But Lullock’s free hand reached around to the back of his waist, and drew a short, shimmering blade and threw it at her. Dorja gasped, spinning away just in time before the blade could find her neck.
She moved in, trying a foot sweep, and when he danced away, Dorja was only too glad to let him. She spun around and swiped low at his lead foot. It worked! Her blade struck his left ankle and he screamed as he went down. But he rolled away, performed a kip-up, and whipped back onto his feet, staggering a bit before he thrust low and slashed up, right across the elbow of her left weeping-hand—
Dorja snarled in pain. Tried push-stepping back go gain range once again—
Then Lullock did something Dorja did not suspect. He held the sword one-handed, and dived to the ground, running around like a three-legged dog, swiping at Dorja’s feet. She leapt out of the way, swiping at him with a quesh’tha series, but Lullock blocked each of them with his compristeel bracers, all the while allowing his blade to attack her centerline. He got in close, head-butted her, spat in her eyes.
Dorja spun away, swung wildly, seeing through blurred vision—
The holopanes along the wall flashed. The cam drones hovering around her were broadcasting this fight live. Once or twice they came so close they got in her face and she swatted them away—
But Lullock’s tricks knew no end. He grabbed a bottle of hand sanitizer sitting on the edge of a check-in desk, threw it in her face, and advanced with a flurry of low attacks.
Their blades locked. Half blinded, Dorja shoved him backward as his blade met the shaft of her glaive. She spin-kicked him in the chest, he laughed as he went down, rolled onto his feet, one hand planted on the ground, and ran at her in his three-legged dog fashion, and then launched himself at her. He grabbed a foldout chair on the way up, flung it at her, then round-kicked her rear leg, taking it out from underneath her. Dorja fell, rolled out of the way of his downward thrust, but when she tried to stand, Lullock once again stomped her blade, pinning the entire weapon down.
He held his sword high, and was about to bring it down in a skewering motion—
When Dorja threw her whole body into his midsection, tackling him and sending them both to the ground. They scrambled on the ground, both fighting for control over the hilt of Lullock’s sword. Disarmed as she was, it was Dorja’s only hope. She plunged an elbow into her enemy’s face, and he took it, smiling through yellow teeth coated in blood, and threw her over and rolled on top of her, raining fists down on her—
Dorja covered her head with her reaching-arms, and fought back with her left weeping-hand, while her right weeping-hand held on to his sword hilt for dear life, preventing it from thrusting into her. One of Lullock’s fists got through, and bounced her head off the floor so hard she heard a loud ringing. He straddled her, hammering her with his right fist again and again. Dorja brought her heels in close to her butt, bridged her hips as high as she could go, throwing him off of her.

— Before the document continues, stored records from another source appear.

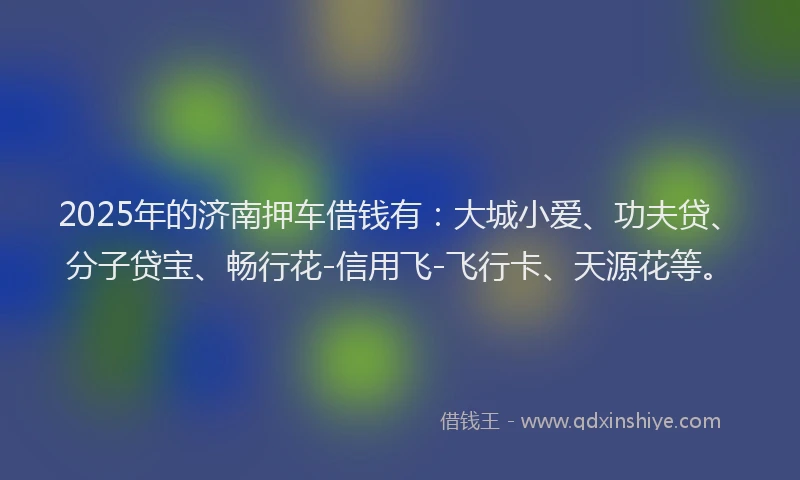 2025年的济南押车借钱有：大城小爱、功夫贷、分子贷宝、畅行花-信用飞-飞行卡、天源花等。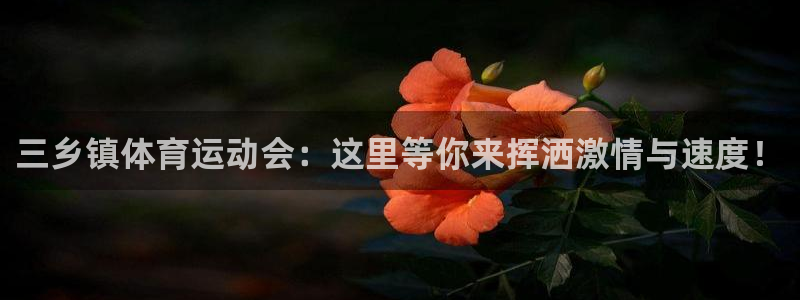 三亿体育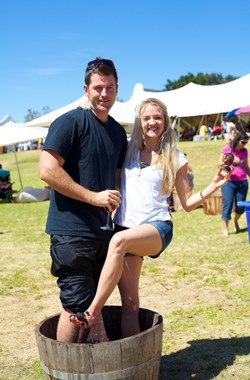 Diarise Feast of the Grape at Durbanville in March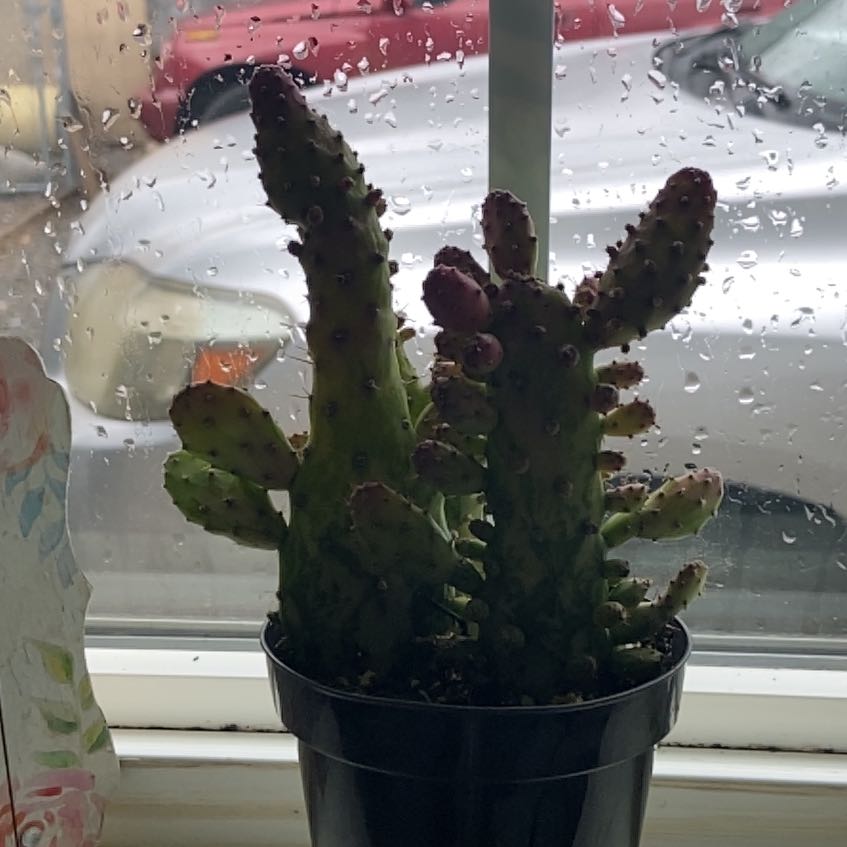 Photo of the plant species Variegated Cactus by @ProfoundLilac named Gretchen on Greg, the plant care app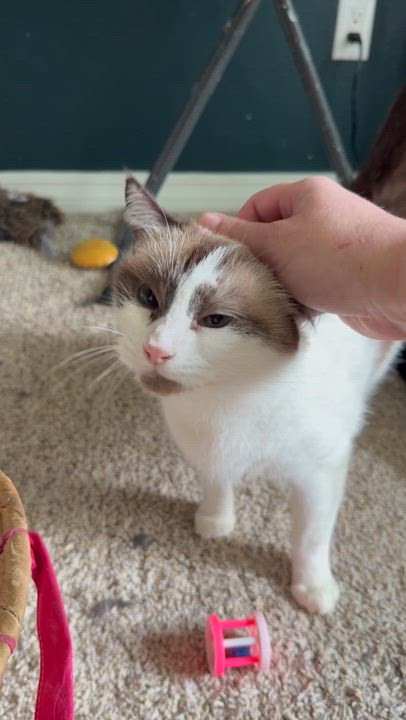 Enlarge Glinda, a Adoptable mixed breed in Milton, FL video 3/6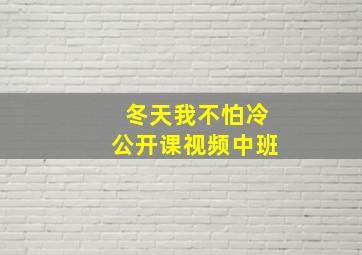 冬天我不怕冷公开课视频中班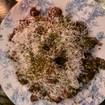 Una foto de Fried Brussels Sprouts de un restaurante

Lullock sprang to his feet. Dorja spun on her back, whipping her feet around until she came up in a crouch. Lullock had already walked over to her glaive and now stood on it, both feet planted, denying her a weapon.
“Your voice,” he panted. “It’s very—very unusual.” He snorted out a gob of blood from his nose, and smiled those yellow teeth. “It grates—on the ears. Like someone singing—but singing badly. You’re an aberration, Dorja. You belong—in a grotesquery.”
“Dorja is Dorja.”
“You certainly are.” He lunged at her and Dorja shuffle-stepped back several times, triangle-stepped away from his next attack, then went into low horse stance and rooted herself as he came forward once again. She performed a trapping series—sacrificing her left weeping-hand, she parried the incoming blade, taking a huge gash across the palm, slapped the wrist out of the way with her two weeping-hands and delivering a J’ing-style strike to his jaw. It rocked him. Lullock spun and nearly fell down, but recovered enough to slash out wildly, preventing her from following him.
But that was all right, because Dorja sprang to the right, dived at the ground, rolled, clutched her glaive, and came up onto her feet just as the Hekkite leader was rushing her. She advanced with two quick strikes, bringing up his high guard before shuffling back, keeping him at range, maintaining high attacks to keep Lullock committed to his high guard—
And then she summoned chi into her weeping-hands, flashed her faery lights into his face. It wasn’t nearly enough to blind him the way Master Korvix’s trick had done, but it surprised him nonetheless, opening his guard a micrometer more.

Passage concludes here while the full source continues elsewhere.